Quarta-feira, 25 de março de 2026
Por Redação O Sul | 7 de janeiro de 2019
O presidente Jair Bolsonaro sancionou na sexta-feira (04) a lei que regulamenta a criação de fundos patrimoniais, mecanismo que possibilita maior sustentabilidade financeira para organizações sem fins lucrativos. A aprovação foi publicada nesta segunda-feira (07) no Diário Oficial da União. Após Michel Temer (MDB), autor da MP (medida provisória) que originou a lei, deixar o cargo sem fazer a regulamentação, o texto foi aprovado no limite do prazo.
A demanda para que uma legislação fornecesse segurança jurídica aos chamados endowments já vinha sendo feita há algum tempo pelo terceiro setor.

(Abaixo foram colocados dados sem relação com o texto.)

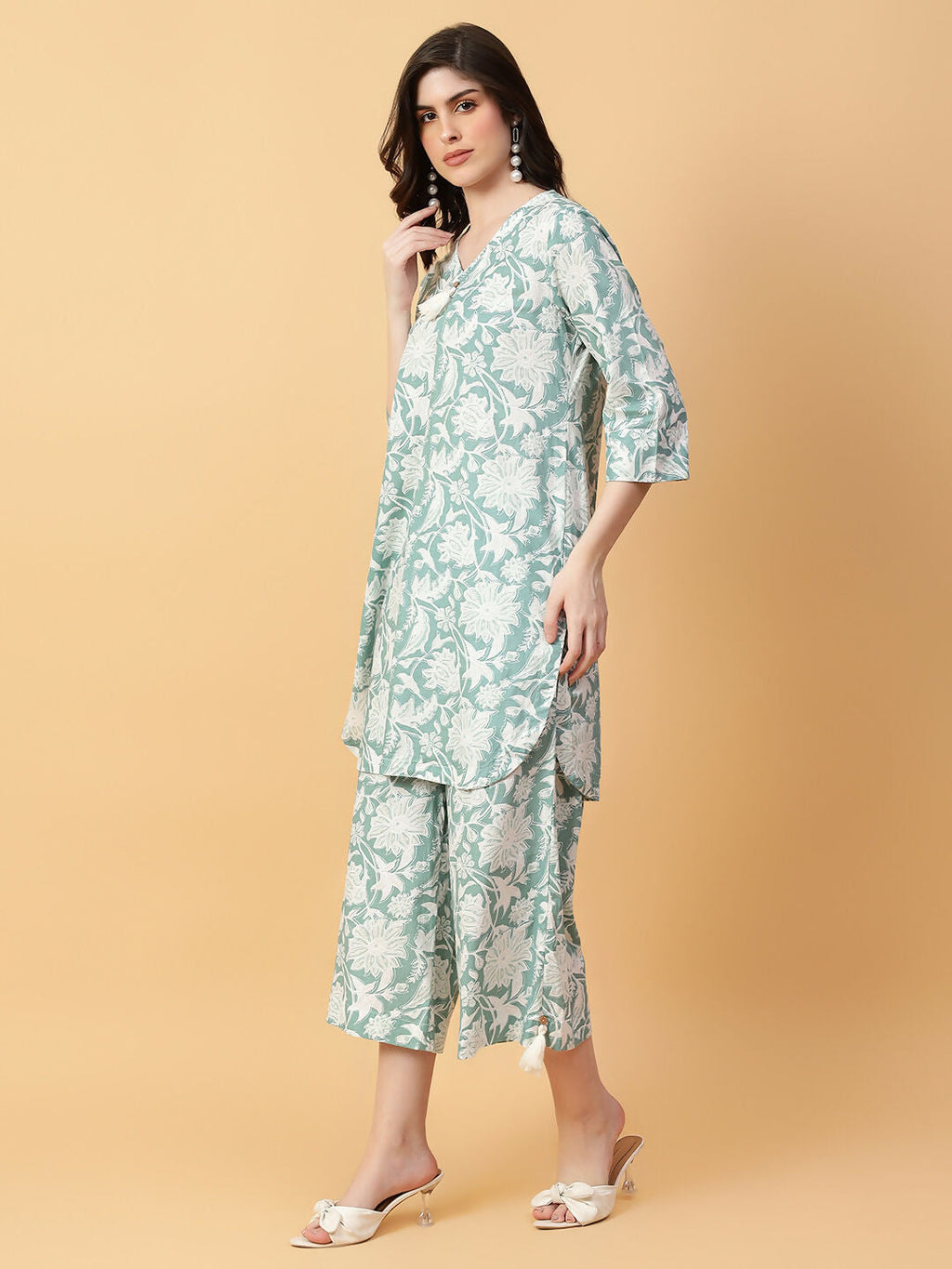 Joban Fashion Green Cotton Printed & Hand Work Co-ord Set | Grocsy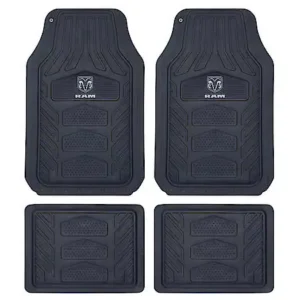 Plasticolor Dodge RAM Floor Mats: Black With White Logo, WeatherPro, Universal, 4 Pack
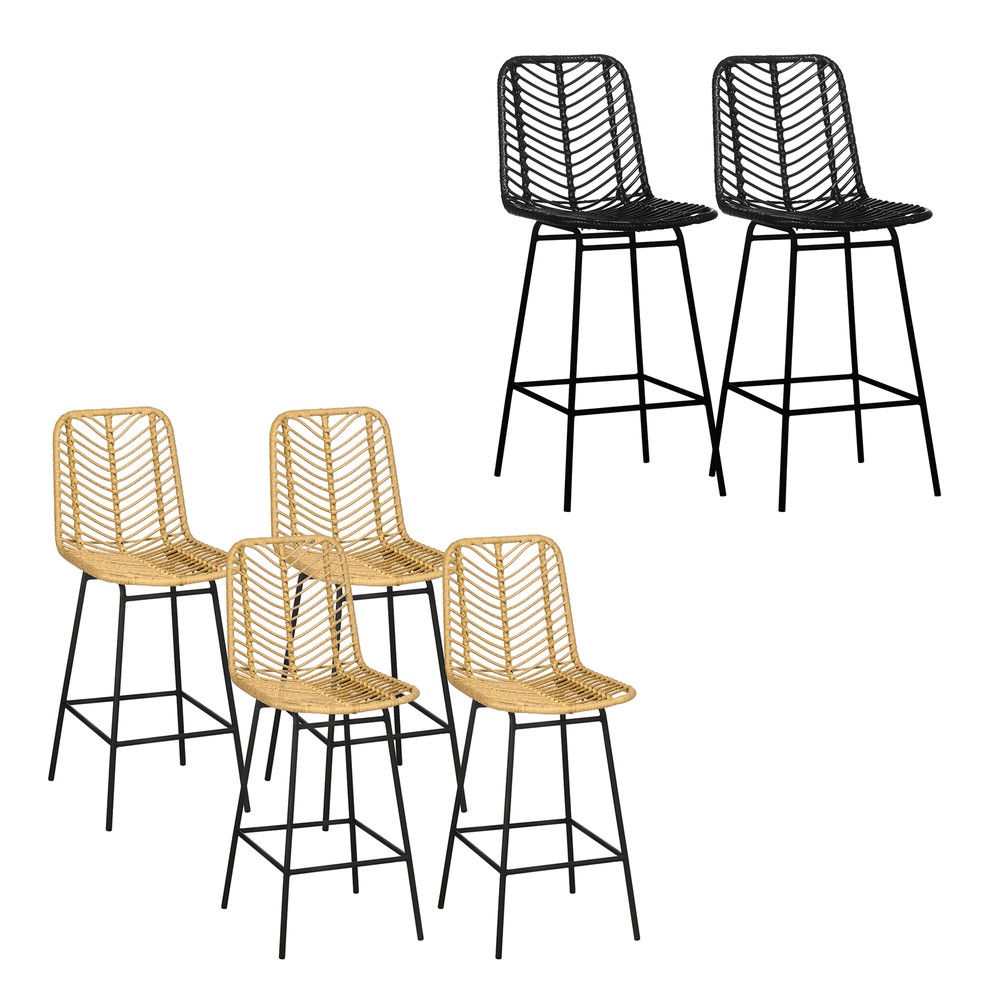 HOMCOM Rattan Bar Stools, Counter Height Barstools Boho Kitchen Island Stools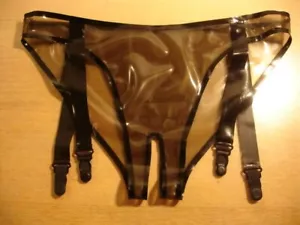 Rubber Latex Slip, Damen Sexy Slip mit 4 Strapsen und Schrittöffnung Gr:XS-XXL - Picture 1 of 1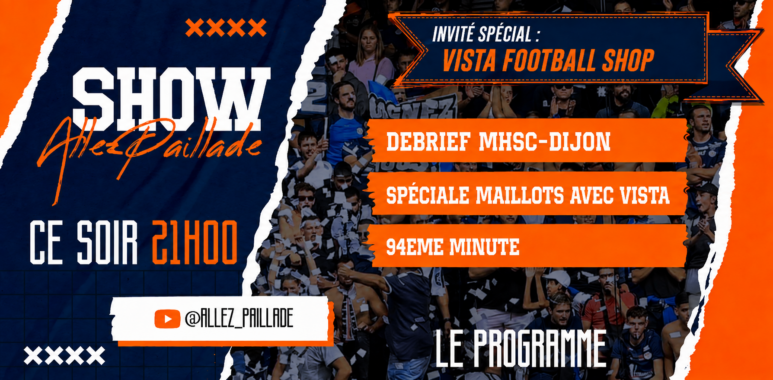 ChatGPT Image 9 août 2026 08_03_29 | AllezPaillade.com Colorful sports show poster with torn blue and orange panels listing segments over a crowd background, promoting a TV program.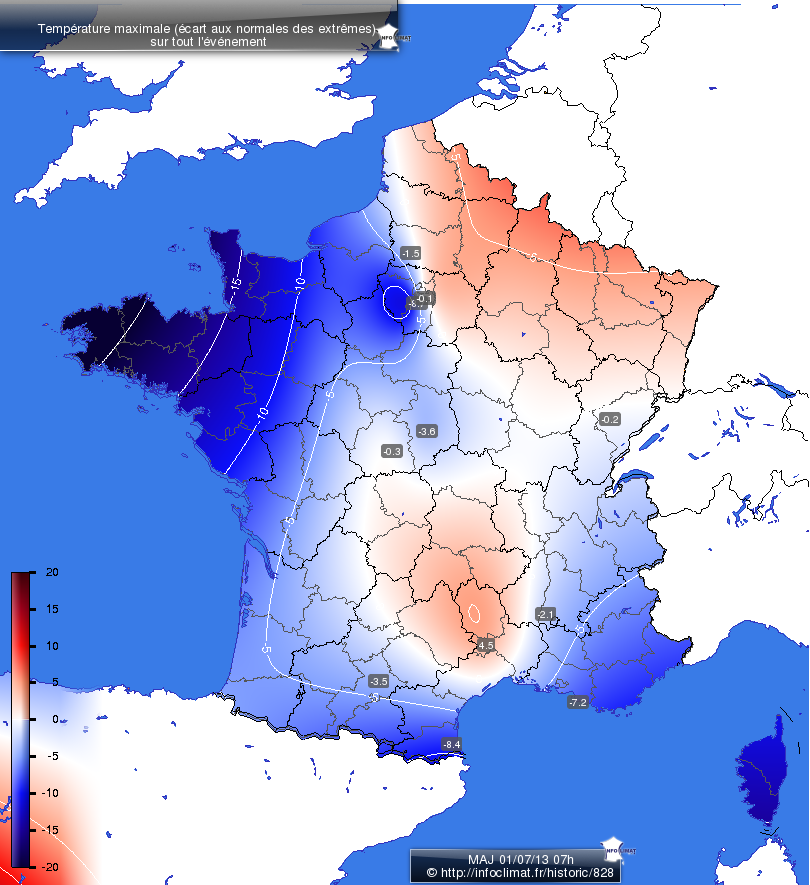 Carte des écarts aux normales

O incêndio do Museu Nacional, em setembro de 2018, que evidenciou a falta de financiamento, foi o estopim para a publicação da MP.
No mecanismo, um investimento inicial é feito a partir de doações e novos repasses alimentam esse montante. Os rendimentos gerados a partir dele podem ser usados para que organizações tenham fonte regular de recursos.
Fora do Brasil, a existência desses fundos é comum, estando os maiores deles concentrados em países anglo-saxões. Os mais volumosos também pertencem a universidades, como a americana Harvard, que está no topo da lista com US$ 36 bilhões (R$ 139,5 bilhões), alimentada por doações milionárias como as que se vê em filmes.
No país norte-americano, o mecanismo existe há cem anos, e os doadores recebem incentivos fiscais que variam de 10% a 50% do imposto devido, tanto para pessoas jurídicas quanto físicas. Com uma cultura de doação já enraizada, os mais de 600 fundos existentes nos Estados Unidos e no Canadá representam quase 3% do PIB (Produto Interno Bruto) desses países.
Na regulamentação recém aprovada, no entanto, os incentivos fiscais que poderiam alavancar a formação dos fundos nesse início, apesar de estarem de forma tímida no texto aprovado pelo Congresso, foram vetados pelo presidente.
Segundo Fernando Peregrino, presidente do Confies (Conselho Nacional das Fundações de Apoio às Instituições de Ensino Superior e de Pesquisa Científica e Tecnológica), esses incentivos são imprescindíveis para poder atrair o mercado privado. “65% do orçamento de pesquisa e desenvolvimento do País é do setor público. Em países industrializados, o setor privado chega a 80% [do orçamento].”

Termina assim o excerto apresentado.